▸ **What you need to do**
The output must be exactly the lines from the "Chris Reeve Small" line through the end of the listing below, with no picture included.

▸ **Raw data**
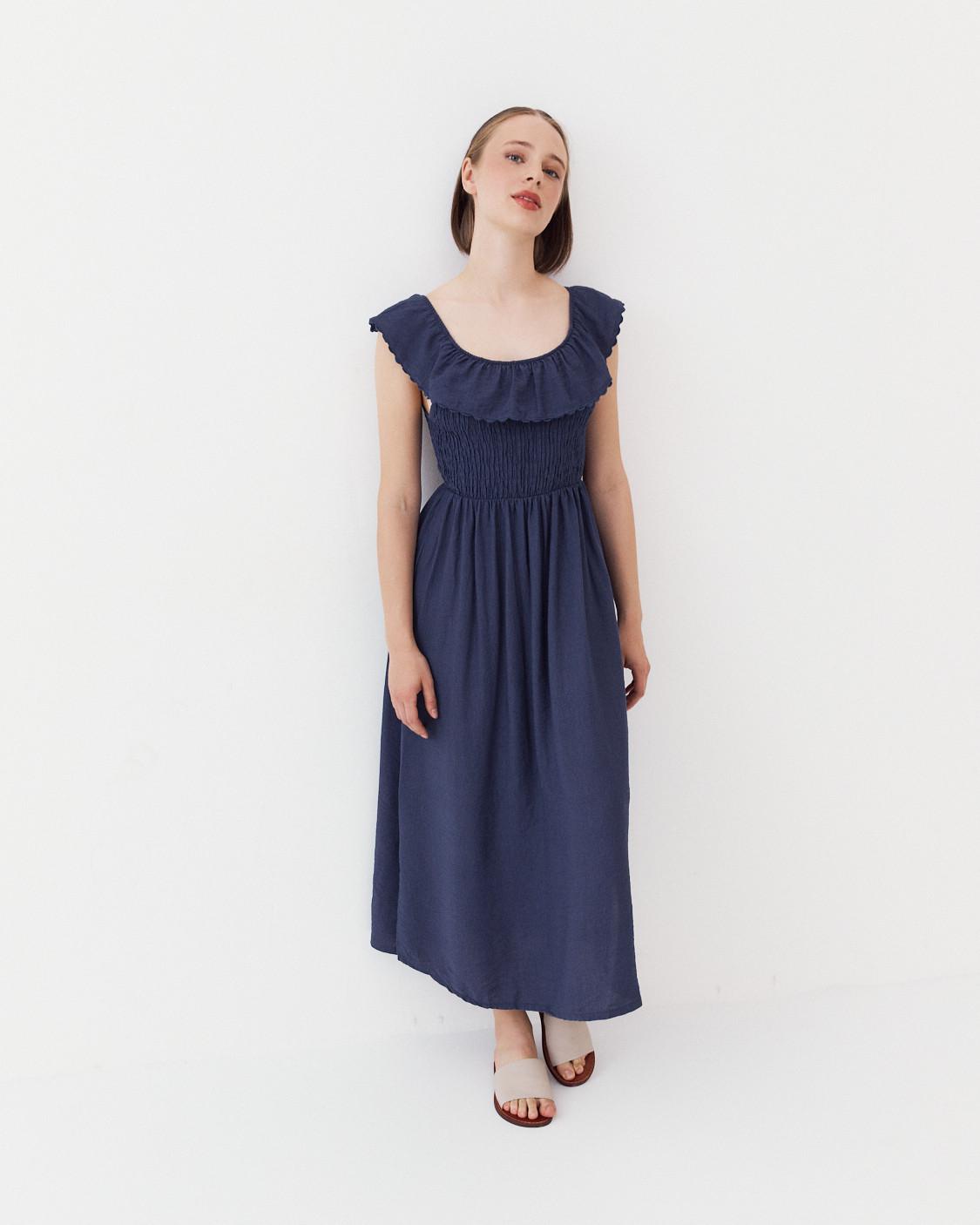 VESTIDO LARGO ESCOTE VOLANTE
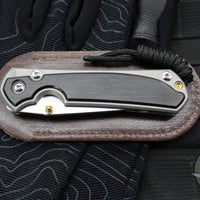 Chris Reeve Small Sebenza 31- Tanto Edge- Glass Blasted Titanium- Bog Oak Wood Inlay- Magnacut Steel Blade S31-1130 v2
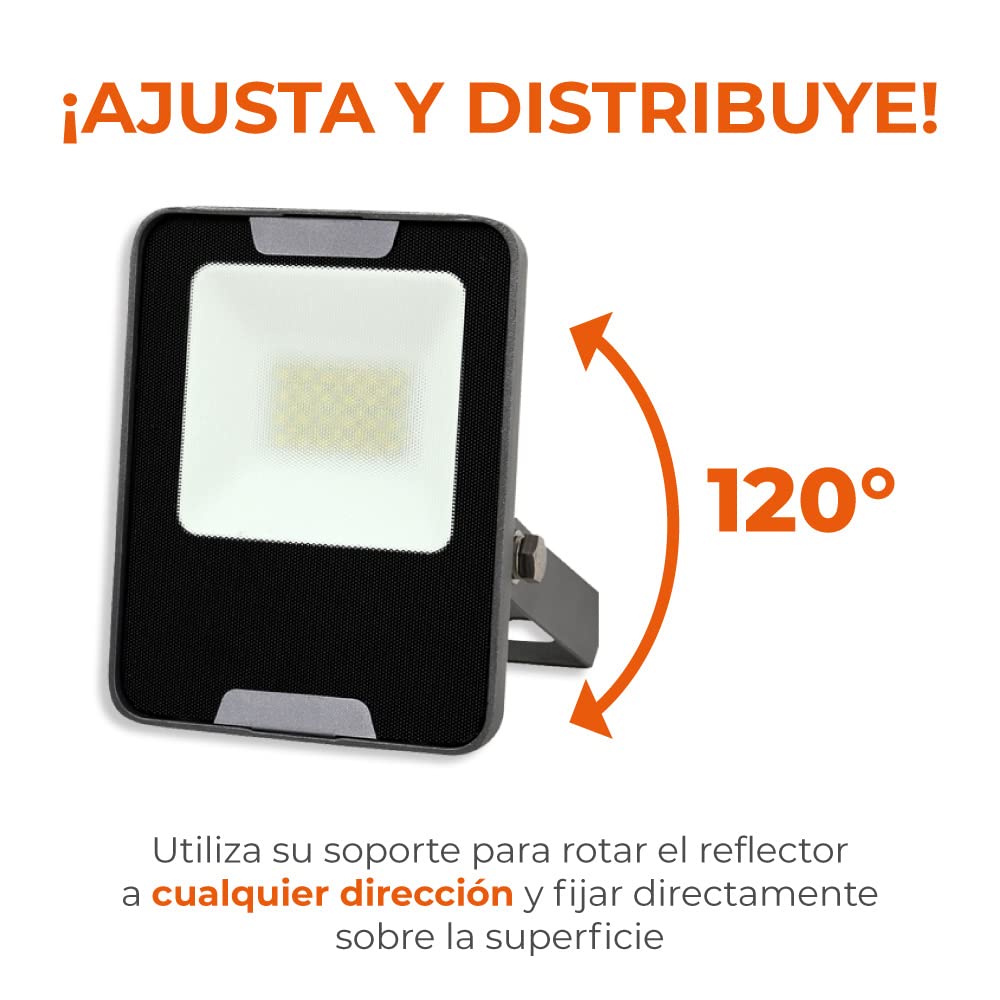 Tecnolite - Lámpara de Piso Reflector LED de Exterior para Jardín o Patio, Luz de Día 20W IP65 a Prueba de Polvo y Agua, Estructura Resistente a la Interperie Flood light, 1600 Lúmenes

▸ **Response to the exercise**
 Chris Reeve Small Sebenza 31- Tanto Edge- Glass Blasted Titanium- Bog Oak Wood Inlay- Magnacut Steel Blade S31-1130 v2
 Tecnolite - Lámpara de Piso Reflector LED de Exterior para Jardín o Patio, Luz de Día 20W IP65 a Prueba de Polvo y Agua, Estructura Resistente a la Interperie Flood light, 1600 Lúmenes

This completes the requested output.